** Task brief **
What lines in the data below mention the string "photo"? Copy them out.

** The input **
╔══

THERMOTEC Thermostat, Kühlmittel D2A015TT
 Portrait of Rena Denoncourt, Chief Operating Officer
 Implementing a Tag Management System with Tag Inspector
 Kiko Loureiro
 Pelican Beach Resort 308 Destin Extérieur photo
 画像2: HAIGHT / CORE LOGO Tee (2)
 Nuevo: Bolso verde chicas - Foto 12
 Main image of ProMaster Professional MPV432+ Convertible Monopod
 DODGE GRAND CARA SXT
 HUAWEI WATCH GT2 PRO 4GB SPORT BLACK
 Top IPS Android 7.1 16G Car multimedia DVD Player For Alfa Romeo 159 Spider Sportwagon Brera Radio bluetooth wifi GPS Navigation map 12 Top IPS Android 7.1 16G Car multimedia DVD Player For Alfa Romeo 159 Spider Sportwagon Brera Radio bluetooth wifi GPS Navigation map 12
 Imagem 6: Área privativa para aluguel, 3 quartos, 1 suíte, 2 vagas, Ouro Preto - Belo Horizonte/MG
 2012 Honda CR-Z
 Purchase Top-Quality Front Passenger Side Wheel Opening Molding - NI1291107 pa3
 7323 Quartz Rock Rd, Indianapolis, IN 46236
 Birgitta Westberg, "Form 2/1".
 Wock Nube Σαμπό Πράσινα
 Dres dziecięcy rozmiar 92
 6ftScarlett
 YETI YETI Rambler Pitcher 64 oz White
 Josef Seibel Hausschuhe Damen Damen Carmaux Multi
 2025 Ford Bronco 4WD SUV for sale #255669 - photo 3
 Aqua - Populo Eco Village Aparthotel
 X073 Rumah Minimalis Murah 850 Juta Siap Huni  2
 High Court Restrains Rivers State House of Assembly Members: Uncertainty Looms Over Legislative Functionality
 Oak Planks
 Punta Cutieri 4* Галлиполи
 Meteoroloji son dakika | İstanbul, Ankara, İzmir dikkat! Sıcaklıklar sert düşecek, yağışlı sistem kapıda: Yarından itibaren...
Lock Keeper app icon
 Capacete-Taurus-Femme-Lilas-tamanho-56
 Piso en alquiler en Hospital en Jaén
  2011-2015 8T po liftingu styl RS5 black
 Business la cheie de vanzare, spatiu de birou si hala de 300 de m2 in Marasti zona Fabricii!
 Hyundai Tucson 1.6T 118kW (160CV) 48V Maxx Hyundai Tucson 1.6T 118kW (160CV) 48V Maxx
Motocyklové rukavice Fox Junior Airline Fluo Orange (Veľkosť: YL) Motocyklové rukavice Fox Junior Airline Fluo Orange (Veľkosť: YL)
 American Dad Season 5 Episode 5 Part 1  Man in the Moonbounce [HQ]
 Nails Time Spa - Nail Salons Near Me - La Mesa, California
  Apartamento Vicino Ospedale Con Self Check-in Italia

╚══

** Result **
 Pelican Beach Resort 308 Destin Extérieur photo
 2025 Ford Bronco 4WD SUV for sale #255669 - photo 3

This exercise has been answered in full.